In this Quickstart Guide we are going to focus on how data scientists can create models and publish them to the model registry to make them available for further development and serving.

HSML library#

The Hopsworks model registry library is called hsml (Hopsworks Machine Learning). The library is Apache V2 licensed and available here. The library currently comes with a Python SDK. If you want to connect to the Model Registry from outside Hopsworks, see our integration guides.

The library is build around metadata-objects, representing entities within the Model Registry. You can modify metadata by changing it in the metadata-objects and subsequently persisting it to the Model Registry. In fact, the Model Registry itself is also represented by an object. Furthermore, these objects have methods to save model artifacts along with the entities in the model registry.

Guide Notebooks#

This guide is based on a series of notebooks, which is available in the Deep Learning Demo Tour Project on Hopsworks.

Connection, Project and Model Registry#

The first step is to establish a connection with your Hopsworks Model Registry instance and retrieve the object that represents the Model Registry you'll be working with.

By default connection.get_model_registry() returns the model registry of the project you are working with. However, it accepts also a project name as parameter to select a different model registry.

Python

import hsml

# Create a connection
connection = hsml.connection()

# Get the model registry handle for the project's model registry
mr = connection.get_model_registry()

Models#

Assuming you have done some model training, and exported a model to a directory on a local file path, the model artifacts and additional metadata can now be saved to the Model Registry. See the example notebooks.

Creation#

Create a model named mnist. As you can see, you have the possibility to set parameters for the Model, such as the version number, or metrics which is set to attach model training metrics on the model. The Model Guide guides through the full configuration of Models.

Python

mnist_model_meta = mr.tensorflow.create_model(name="mnist",
    version=1,
    metrics={"accuracy": 0.94},
    description="mnist model description")

Up to this point we have just created the metadata object representing the model. However, we haven't saved the model in the model registry yet. To do so, we can call the method save on the metadata object created in the cell above. The save method takes a single parameter which is the path to the directory on the local filesystem which contains all your model artifacts.

Python

mnist_model_meta.save("/tmp/model_directory")

Retrieval#

If there were models previously created in your Model Registry, or you want to pick up where you left off before, you can retrieve and read models in a similar fashion as creating them: Using the Model Registry object, you can retrieve handles to the entities, such as models, in the Model Registry.
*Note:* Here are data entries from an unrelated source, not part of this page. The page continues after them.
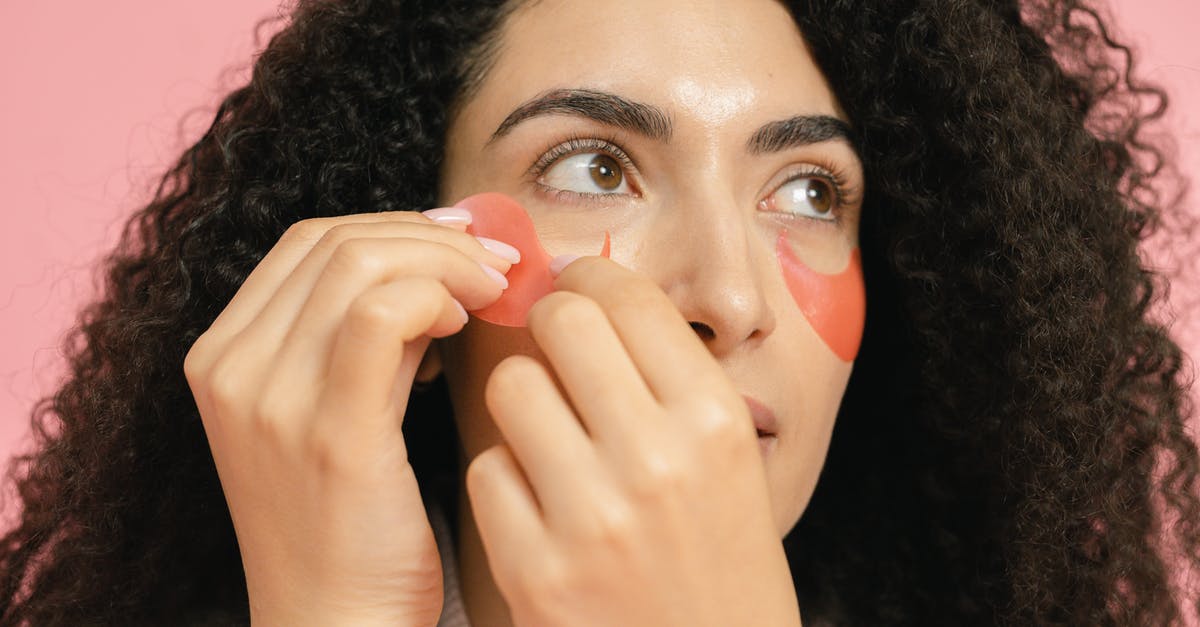 how long can you keep uncooked lentils - red and brown - Woman putting on red cosmetic pads under her eyes how long can you keep uncooked lentils - red and brown - Woman putting on red cosmetic pads under her eyes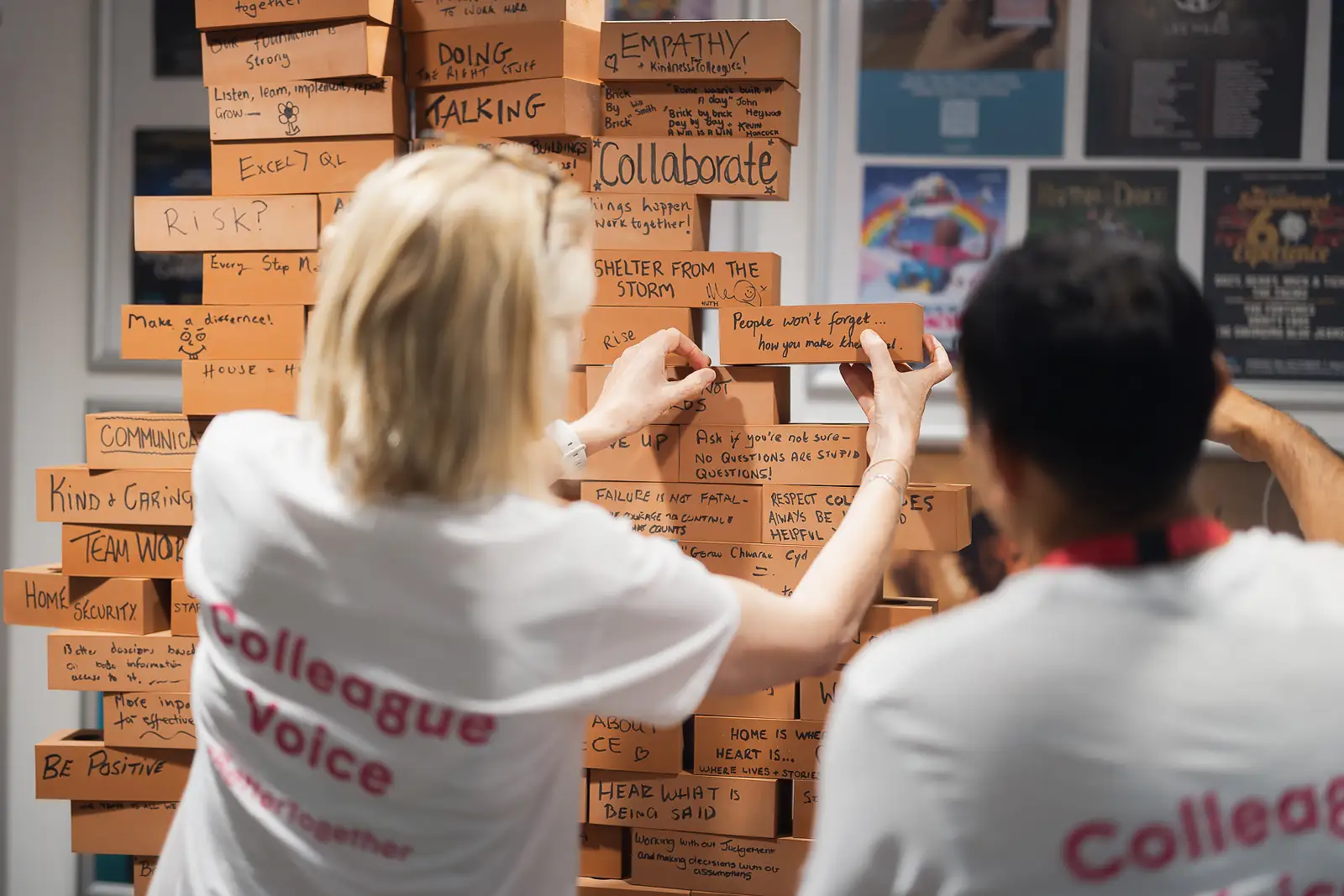 Colleagues stacking cardboard bricks inscribed with company values during a team-building activity at a corporate away day event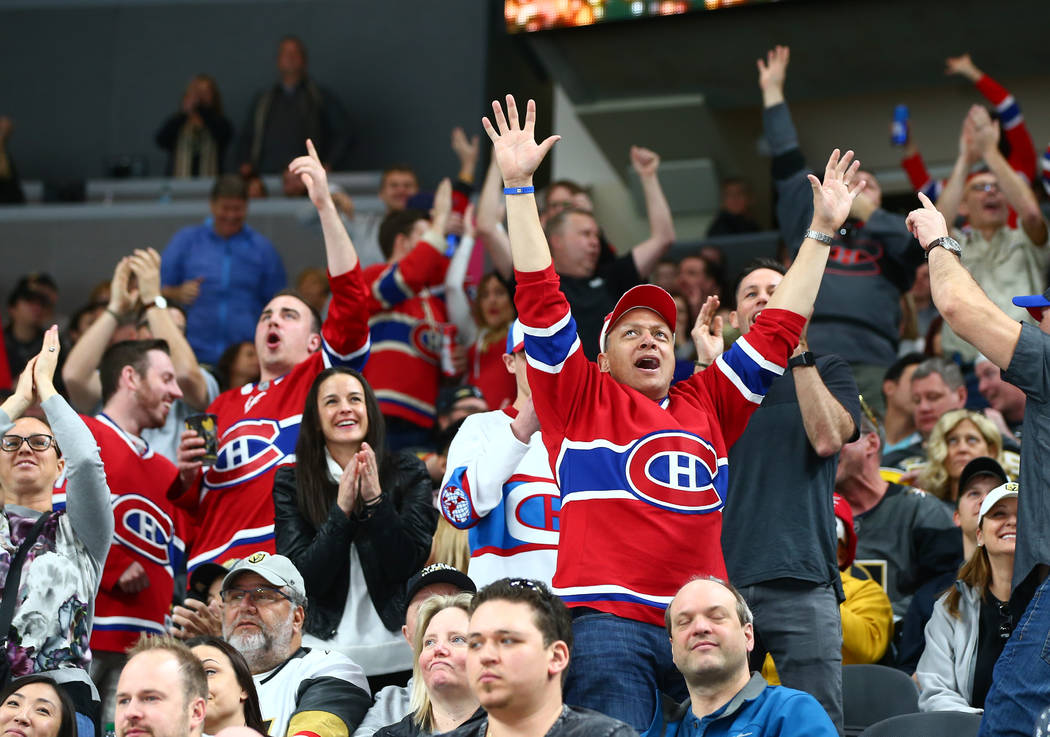 Female Canadiens fan flashes crowd during Game 4 victory celebration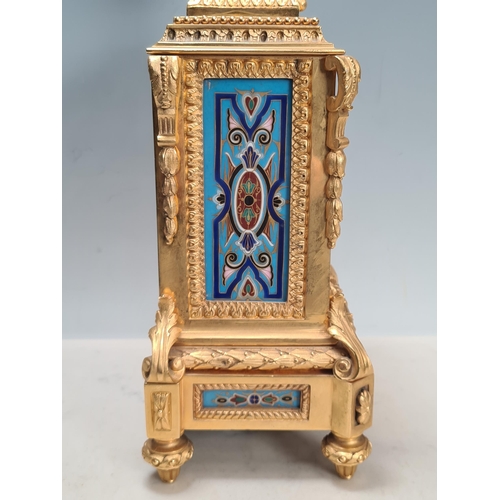 281 - A 19th century gilt metal and champlevé Mantel Clock with urn finial above the rectangular enamelled... 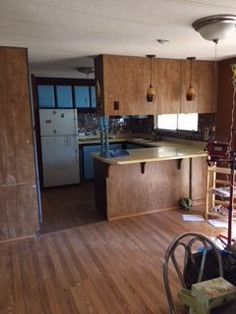 an empty kitchen and living room with hard wood flooring in the middle of it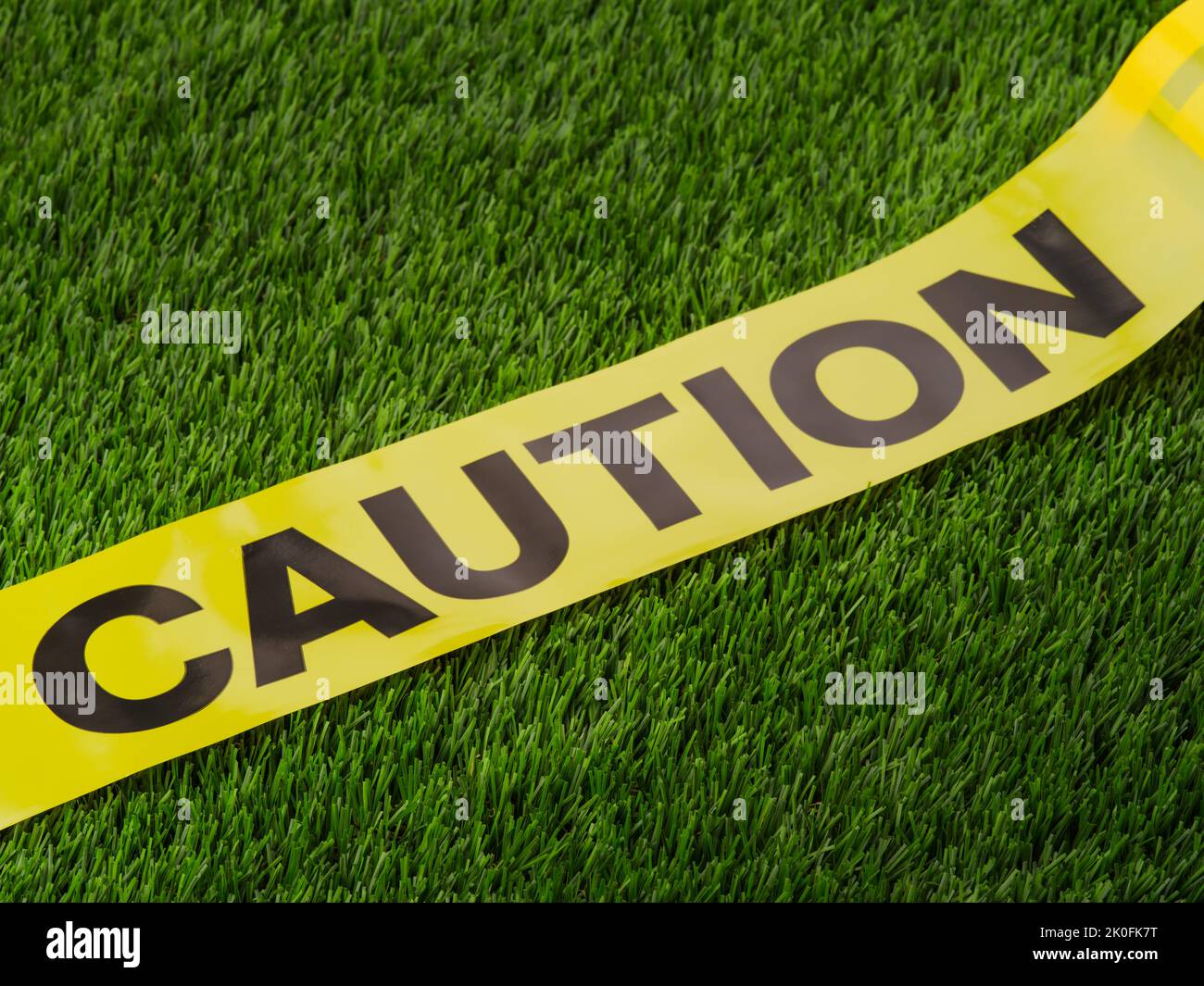 Yellow tape with the inscription - caution. Isolated on a green background. Barrage, warning about caution, attentiveness. Destroyed roads, buildings, Stock Photo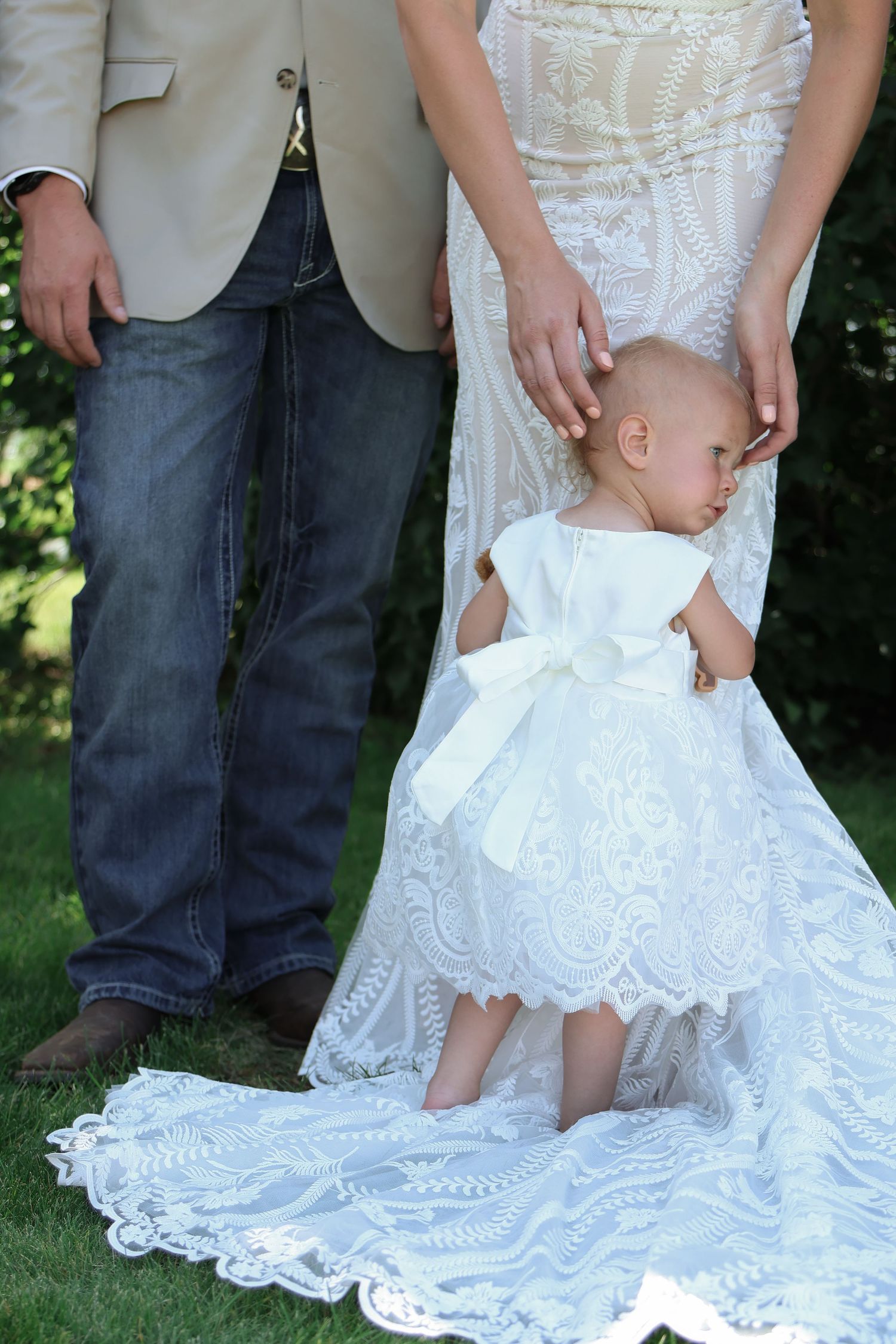 A small child in a white dress stands between parents in wedding attire on grass, with lace details.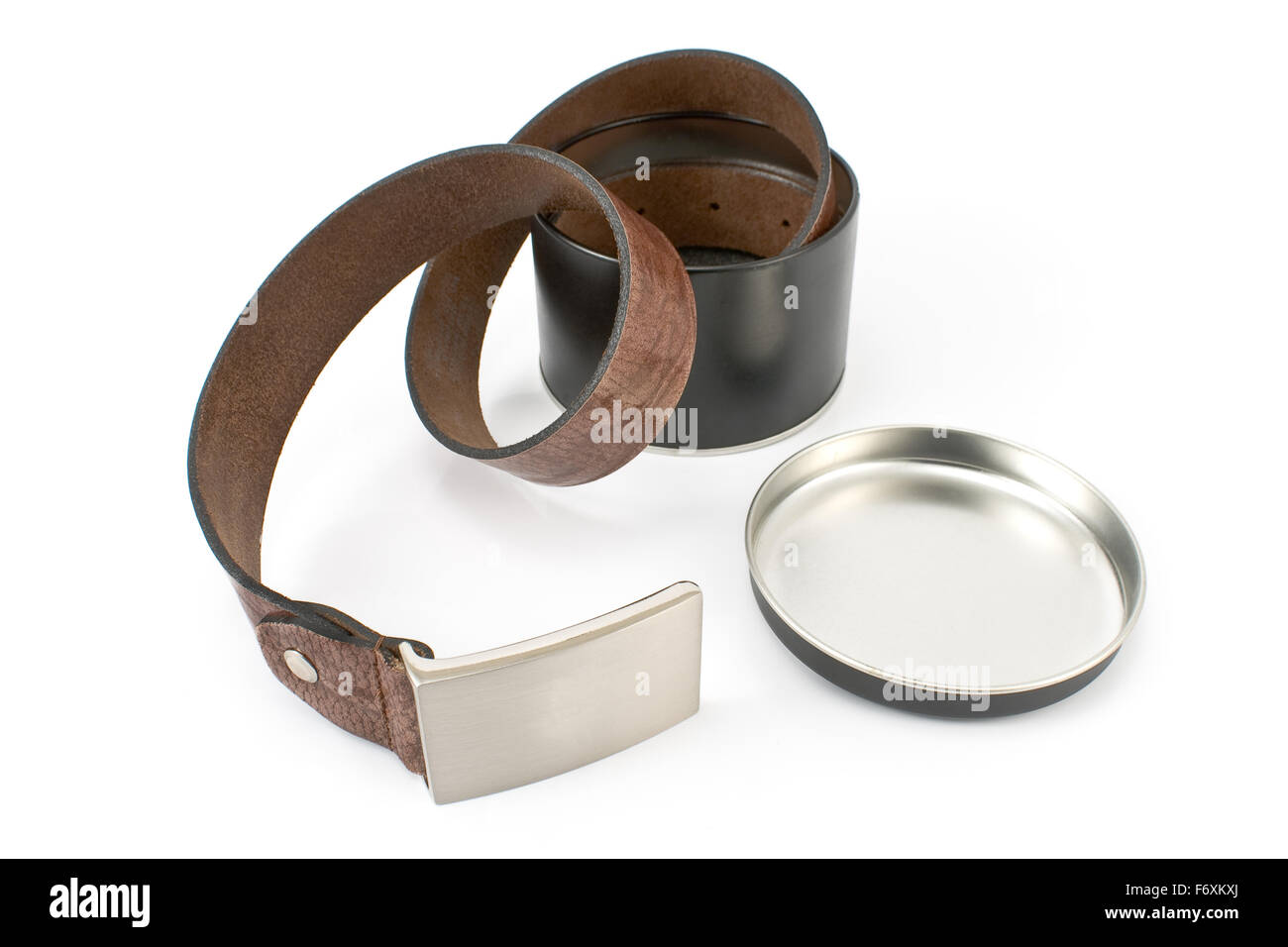Women's leather belt in aluminum box isolated on white Stock Photo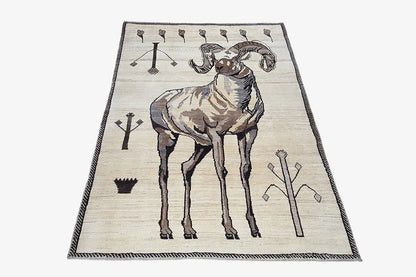 Gabbeh rug with standing lion figure, cream-colored, brown script ornaments and corner border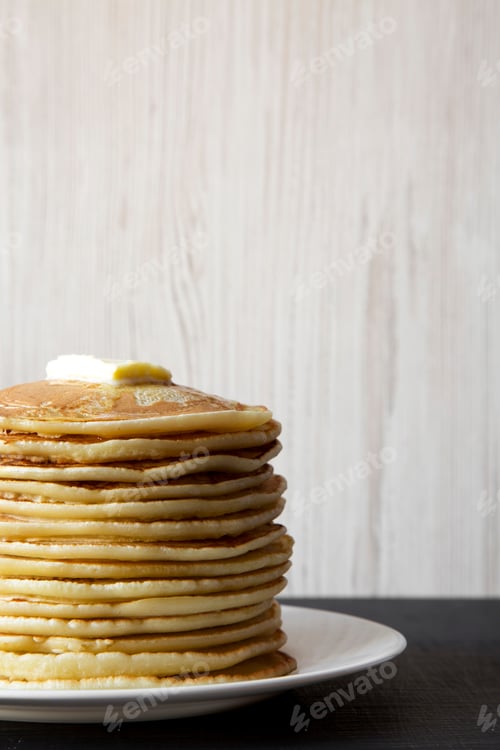 Preview: Homemade Pancakes With Butter On White Plate, Side View. Close-Up.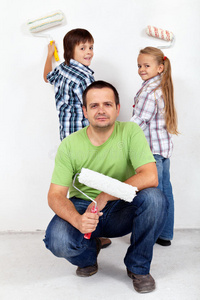 孩子们和他们的父亲在粉刷房间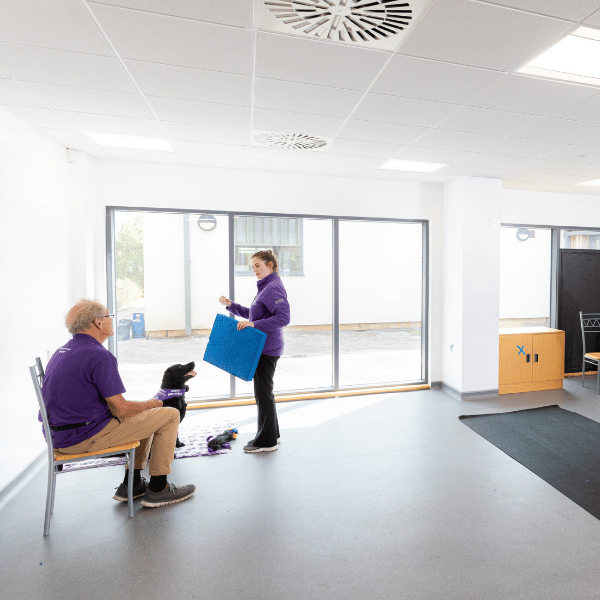 Trainer running a puppy training class at the National Training Centre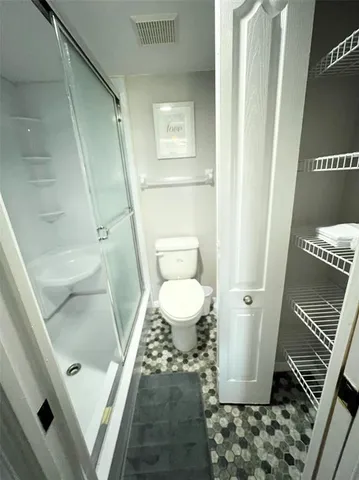 a bathroom with a sink and toilet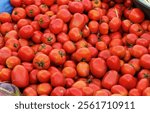 Overhead Shot tomatoes in market. ripe red tomatoes close up Beautiful red tomatoes. Top view. Header for website Tamatar pattern background. Vegetables and fruits are sold in market of india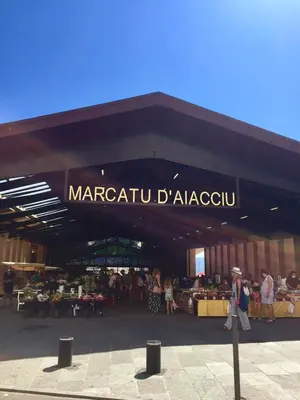 a market with people walking in front of a building at Au cœur de la Vieille Ville in Ajaccio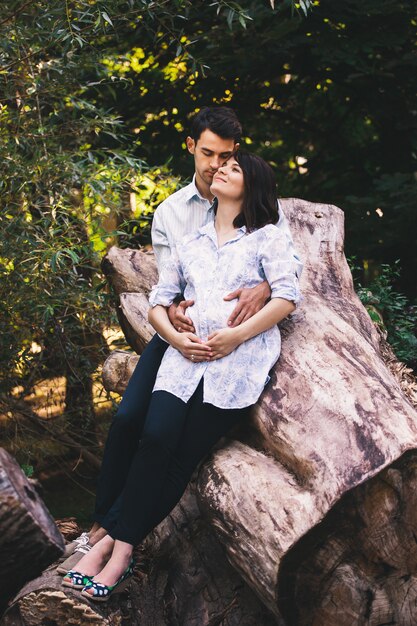 Hermosa pareja embarazada relajante afuera en el bosque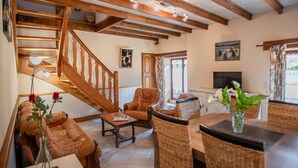 A spacious living room with a wooden staircase, leather sofas, wicker chairs, and a television.
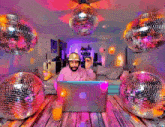a man wearing headphones is using a laptop in a room with disco balls hanging from the ceiling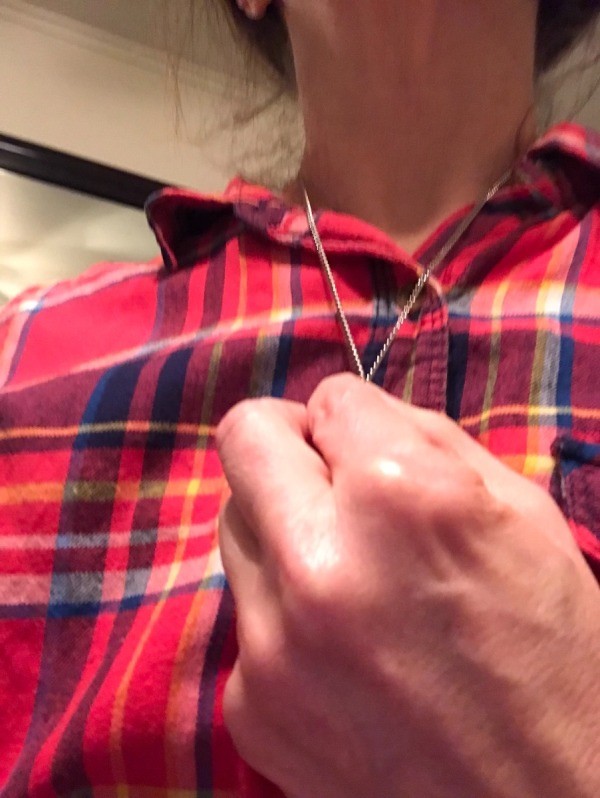 Pinching a chain necklace to temporarily shorten it.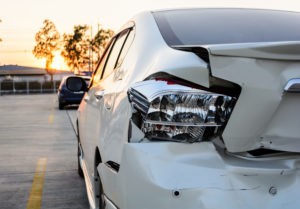 cracked-up rear-end of a white car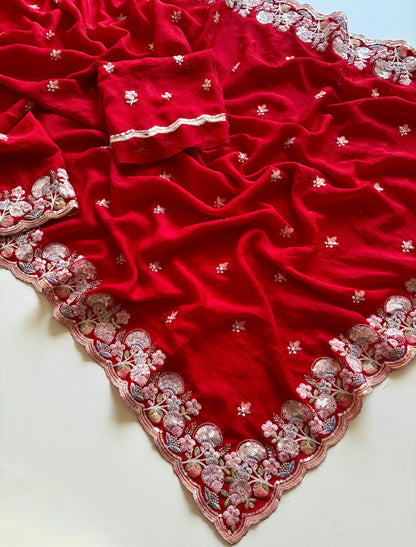 Red fabric with intricate silver embroidery on a white background-Soft crush silk saree with multicolor sequin embroidery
By default, this will return the first version of an entity, if you want a more recent version, you need to specify the version.

Python

mnist_model_meta = mr.get_model('mnist', version=1)

# Download the model
model_download_path = mnist_model_meta.download()

# Load the model
tf.saved_model.load(model_download_path)

To seamlessly combine HSML with model serving components the library makes it simple to also query for the best performing model. In this instance, we get the best model version by querying for the model version with the highest accuracy metric attached.

Python

mnist_model_meta = mr.get_best_model('mnist', 'accuracy', 'max')